Energetics of genome size in eukaryotes and prokaryotes. (A) Mean energy per gene in prokaryotes versus eukaryotes equalized for genome size. (Gray) Prokaryotes; (black) eukaryotes. Note the log scale. (B) Mean energy per gene in prokaryotes versus eukaryotes equalized for genome size and cell volume (see text). (Gray) Prokaryotes; (black) eukaryotes. Note the log scale. (C) Mean energy per gram in prokaryotes versus eukaryotes. (D) Power per haploid genome (energy per gene × number of genes in one haploid genome) in (lane a) Escherichia coli; (lane b) Thiomargarita; (lane c) Epulopiscium; (lane d) Chlamydomonas; and (lane e) Amoeba proteus.
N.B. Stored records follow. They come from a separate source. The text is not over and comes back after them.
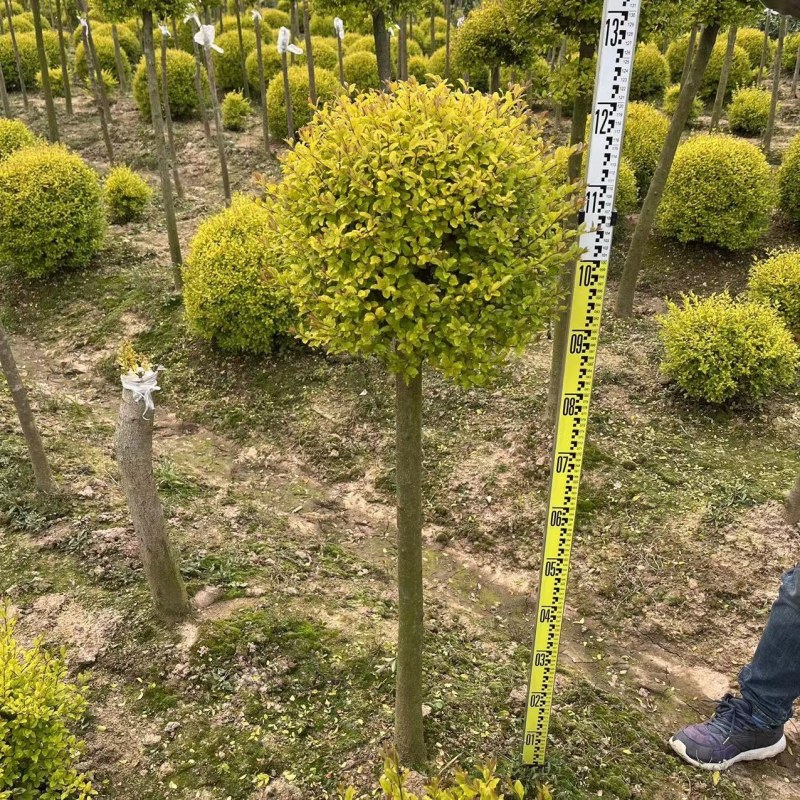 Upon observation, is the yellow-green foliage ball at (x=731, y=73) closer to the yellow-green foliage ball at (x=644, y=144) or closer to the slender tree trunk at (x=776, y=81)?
the slender tree trunk at (x=776, y=81)

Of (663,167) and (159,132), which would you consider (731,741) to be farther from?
(159,132)

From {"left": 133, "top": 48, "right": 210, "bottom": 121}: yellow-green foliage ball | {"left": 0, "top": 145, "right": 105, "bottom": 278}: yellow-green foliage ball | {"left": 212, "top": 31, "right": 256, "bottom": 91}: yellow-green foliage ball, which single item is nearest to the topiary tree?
{"left": 0, "top": 145, "right": 105, "bottom": 278}: yellow-green foliage ball

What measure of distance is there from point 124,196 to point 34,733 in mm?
10082

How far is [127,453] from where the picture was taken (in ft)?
11.8

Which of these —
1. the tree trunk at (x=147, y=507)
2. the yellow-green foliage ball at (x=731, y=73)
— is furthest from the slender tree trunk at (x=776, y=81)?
the tree trunk at (x=147, y=507)

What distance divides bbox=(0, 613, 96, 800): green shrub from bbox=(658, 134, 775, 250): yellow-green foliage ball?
889 centimetres

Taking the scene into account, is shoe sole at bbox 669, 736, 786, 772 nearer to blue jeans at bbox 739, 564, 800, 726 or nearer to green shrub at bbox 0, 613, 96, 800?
blue jeans at bbox 739, 564, 800, 726

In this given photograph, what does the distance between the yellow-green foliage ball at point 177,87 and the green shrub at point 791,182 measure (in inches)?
471

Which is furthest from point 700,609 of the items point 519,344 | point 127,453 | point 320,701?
point 127,453

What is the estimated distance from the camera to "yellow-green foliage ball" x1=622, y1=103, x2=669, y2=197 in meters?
10.3

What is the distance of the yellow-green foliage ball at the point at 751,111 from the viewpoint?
12.8m

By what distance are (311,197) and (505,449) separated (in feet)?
14.0

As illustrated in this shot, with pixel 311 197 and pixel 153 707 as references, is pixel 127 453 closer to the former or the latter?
pixel 153 707

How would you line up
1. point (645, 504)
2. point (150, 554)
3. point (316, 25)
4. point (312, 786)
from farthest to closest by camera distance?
point (316, 25) < point (645, 504) < point (150, 554) < point (312, 786)
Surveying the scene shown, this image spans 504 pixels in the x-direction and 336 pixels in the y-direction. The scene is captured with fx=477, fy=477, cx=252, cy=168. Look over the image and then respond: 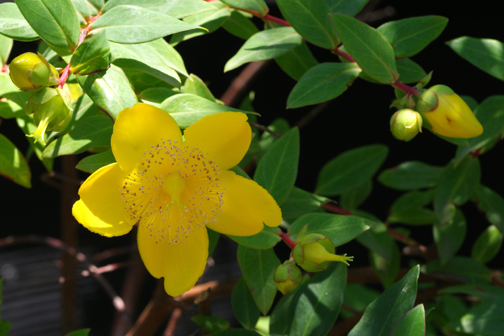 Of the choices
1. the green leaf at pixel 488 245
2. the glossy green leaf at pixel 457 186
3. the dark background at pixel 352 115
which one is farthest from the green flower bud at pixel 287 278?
the dark background at pixel 352 115

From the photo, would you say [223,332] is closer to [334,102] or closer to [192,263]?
[192,263]

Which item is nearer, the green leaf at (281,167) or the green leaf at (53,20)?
the green leaf at (53,20)

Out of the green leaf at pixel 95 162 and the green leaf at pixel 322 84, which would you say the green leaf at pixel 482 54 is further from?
the green leaf at pixel 95 162

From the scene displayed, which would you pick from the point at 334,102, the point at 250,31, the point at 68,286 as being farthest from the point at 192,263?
the point at 334,102

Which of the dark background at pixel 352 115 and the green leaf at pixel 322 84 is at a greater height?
the green leaf at pixel 322 84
Note the log scale and broad agreement with derived mean values in A and B. (Figure based on data from Lane 2011a.)

Figure 3.

Size and morphological complexity of eukaryotic alga versus cyanobacterium. Approximately scaled comparison of (A) the eukaryotic alga Euglena with (B) the relatively large complex cyanobacterium Synechocystis, here approximately to scale. Despite its extensive internal thylakoid membranes (magnified in C) and moderate polyploidy (100–200 copies of nucleoid), Synechocystis is approximately 1500 times smaller by volume. (Courtesy of Mark Farmer, University of Georgia.)

Figure 4.

The apoptotic threshold is variable and determines fitness. The threshold for apoptosis can be raised or lowered in principle (center panel). If the threshold is low (left) even a small increase in free-radical leak triggers apoptosis. A low tolerance for free-radical leaks selects for good mitonuclear coadaptation, with predicted costs and benefits listed in the left-hand panel, correspondingly to a K reproductive strategy. High tolerance for free-radical leaks raises the threshold for apoptosis. This relaxes selection for mitonuclear coadaptation, corresponding to an r reproductive strategy, with the costs and benefits listed in the right-hand panel.